L'autre raison est que la crise actuelle, faite de désaccords, de manifestations, de répressions par tirs à balles réelles, d'arrestations, d'emprisonnements, de fermeture des médias indépendants etc., n'installe pas un climat de confiance, de sérénité et de motivation nécessaire à une élection.
La troisième raison est le manque de confiance dans l'éthique et le professionnalisme de la CENI et de ses démembrements. Cette commission qui a organisé les élections de 2010, est contestée par l'opposition. Elle est accusée de partialité et de corruption. L'opposition a réclamée, en vain, une CENI consensuelle qui ne soit pas au service d'un camp. Elle est persuadée que le fichier électoral est truqué et qu'une fraude par la terreur et l'informatique a déjà été préparée, pour assure d'avance une victoire écrasante au CNDD-FDD.
La quatrième raison est la Cour Constitutionnelle, une Cour taillée sur mesure pour Nkurunziza. En démissionnant, le vice-président de cette cour, dont il faut saluer le courage et le patriotisme, a dénoncé les pressions et les menaces dont les membres de cette cour ont été l'objet. Cela permet de comprendre le manque de crédibilité de cette institution.
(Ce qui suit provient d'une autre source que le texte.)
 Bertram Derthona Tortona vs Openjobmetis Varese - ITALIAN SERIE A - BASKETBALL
La cinquième raison est l'exclusion structurelle de l'opposition et la fermeture de l'espace politique : tout au long du mandat du CNDD-FDD, l'opposition a été empêchée de tenir des réunions, de circuler dans le pays pour rencontrer ses partisans et expliquer ses projets de société. Certains leaders qui sont des concurrents de Pierre Nkurunziza, comme par exemple Leonard Nyangoma, Président du CNDD, et Alexis Sinduhije, président du MSD, ont été contraints à l'exil, d'autres ont été convoqués par la Justice sous des accusations fabriquées de toutes pièces pour les intimider et les salir aux yeux des populations. Pour accéder à un emploi public, il fallait exhiber la carte du parti présidentiel. Pendant ce temps, les moyens de l'Etat ont été et sont encore utilisés par le parti au pouvoir pour son propre compte. Tout cela n'est pas équitable et n'augure d'aucune impartialité électorale.
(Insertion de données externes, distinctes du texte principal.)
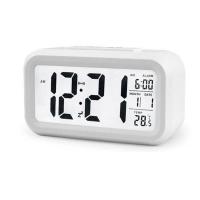 Reloj De Alarma Digital LCD Con Calendario Y Termómetro - details 2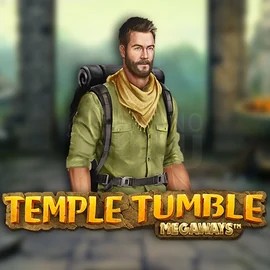 Temple Tumble Megaways slot logo by Relax Gaming at Naobet Casino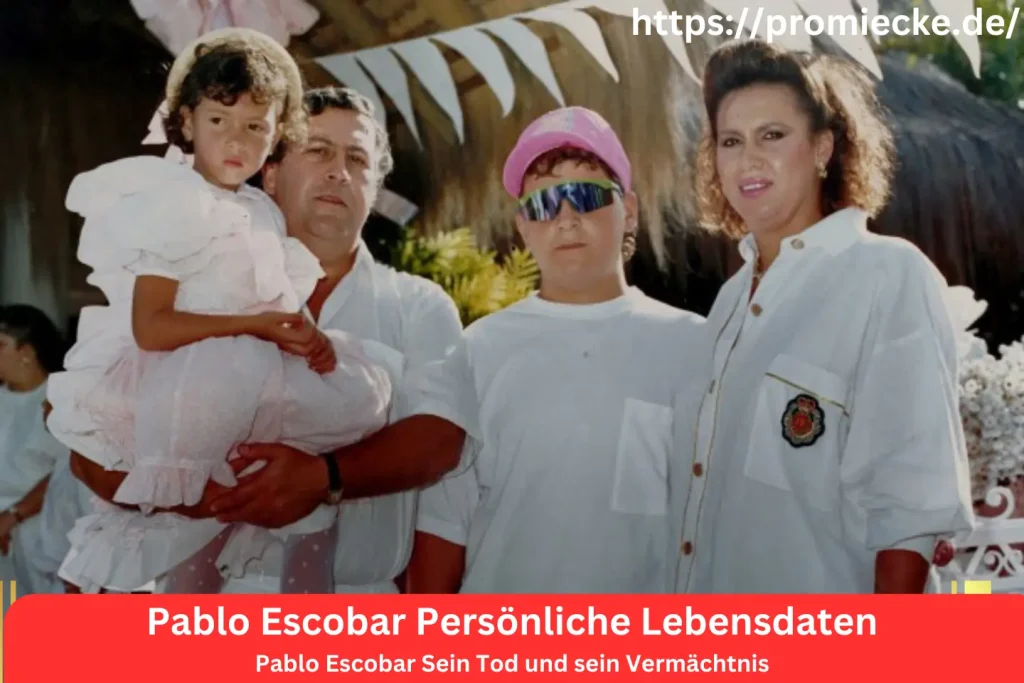 Pablo Escobar Sein Tod und sein Vermächtnis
De la nécessité d'un dialogue
Le 30 avril 2015, le sous-secrétaire d'Etat américain aux Droits de l'homme, à la démocratie et au travail, Tom Malinowski, envoyé spécialement par le Président américain Barack Obama à Bujumbura, a préconisé le dialogue au cours d'une conférence de presse à Bujumbura. Mais, ceux qui redoutent le dialogue et la transition ont peut-être en mémoire les longues négociations d'Arusha. Pourtant, au Burkina Faso, il a été possible de se mettre rapidement d'accord, sur la durée, la mission et la composition du gouvernement de transition. Un dialogue est nécessaire sur les préoccupations majeures qui divisent les Burundais. Il est nécessaire pour que chacun ne soit pas tenté, en l'absence d'un cadre neutre de discussion, de recourir à la violence pour se faire entendre ou pour accéder à ses droits. Seul il permet la résolution pacifique des différends.
De l'ordre du jour du dialogue
Si le gouvernement actuel refuse le dialogue, celui-ci se fera vraisemblablement sans lui, malgré et contre lui. L'instance ou la coalition qui l'aura évincé pourra être tentée de former unilatéralement son gouvernement et de se donner un cap, mais le mieux serait d'ouvrir des discussions pour que les acteurs politiques fixent ensemble la feuille de route de la transition. Sinon le nouveau pouvoir s'exposera aux mêmes accusations de dictature.
Pour éviter l'enlisement et les discussions interminables, l'ordre du jour devrait porter sur des questions essentielles, qu'on peut régler à court terme, et qui conditionnent la mise en place d'institutions légitimes définitives. La réalisation de la feuille de route serait confiée au gouvernement et aux autres institutions de transition.
De la feuille de route des institutions de transition
En principe, chaque institution devra avoir ses missions. Il s'agirait de décliner les missions qui devraient absolument être accomplies pour rendre possible la mise en place d'institutions légitimes définitives. Les éléments suivants pourraient être pris en compte :
- Réaliser un plan d'urgence contre la faim, la pauvreté et le chômage
- Faire un audit sur la corruption et ses conséquences sur l'économie nationale et proposer des solutions pratiques
- Organiser un dialogue inclusif sur les textes de lois controversés
- Rechercher un accord sur les questions électorales notamment l'usage efficient de la biométrie, sur la loi électorale, la commission électorale dont les conditions d'impartialité et d'indépendance devraient être minutieusement étudiées, le fichier électoral, la carte nationale d'identité biométrique, le rôle de la cour constitutionnelle en matière électorale, etc.
- Elaborer et appliquer un plan de dissolution, de désarmement et de réinsertion de toute milice, singulièrement les Imbonerakure.
- La réforme profonde de la surêté nationale ;
- Créer les conditions légales, sécuritaires et matérielles du retour des leaders politiques contraints à l'exil et libérer tous les prisonniers politiques et d'opinion.
- Restituer le leadership des partis politiques à ceux à qui il revenait légalement avant l'opération de division initiée par le ministère de l'intérieur.
- Réaliser un recensement général, bien orienté, de la population burundaise permettant une cartographie socio-économique du pays.
- Réhabiliter et garantir toutes les libertés civiques
- Créer les conditions d'une justice transitionnelle réelle en vue de mettre fin à l'impunité et revoir la commission Vérité et réconciliation.
- Amender la constitution à partir des éléments de consensus obtenus et la soumettre à un référendum populaire.
- Organiser des élections justes, libres, inclusives, apaisées et démocratiques avec des observateurs internationaux.
Conclusion : Attention aux ingérences.
La situation qui prévaut dans notre pays le fragilise au plus haut point. Elle interpelle la classe politique burundaise ; qui doit être vigilante pour ne pas ouvrir la porte à des ingérences extérieures qui risqueraient de compliquer le problème. L'intervention d'un pays voisin dans la crise burundaise risquerait d'être exploitée par le régime Nkurunziza et n'arrangerait guère les choses. Les Burundais, qui font preuve d'unité dans le combat contre l'illégalité et la dictature, peuvent s'en sortir, et doivent se méfier des soi-disant sauveurs qui viendraient appliquer leur propre agenda.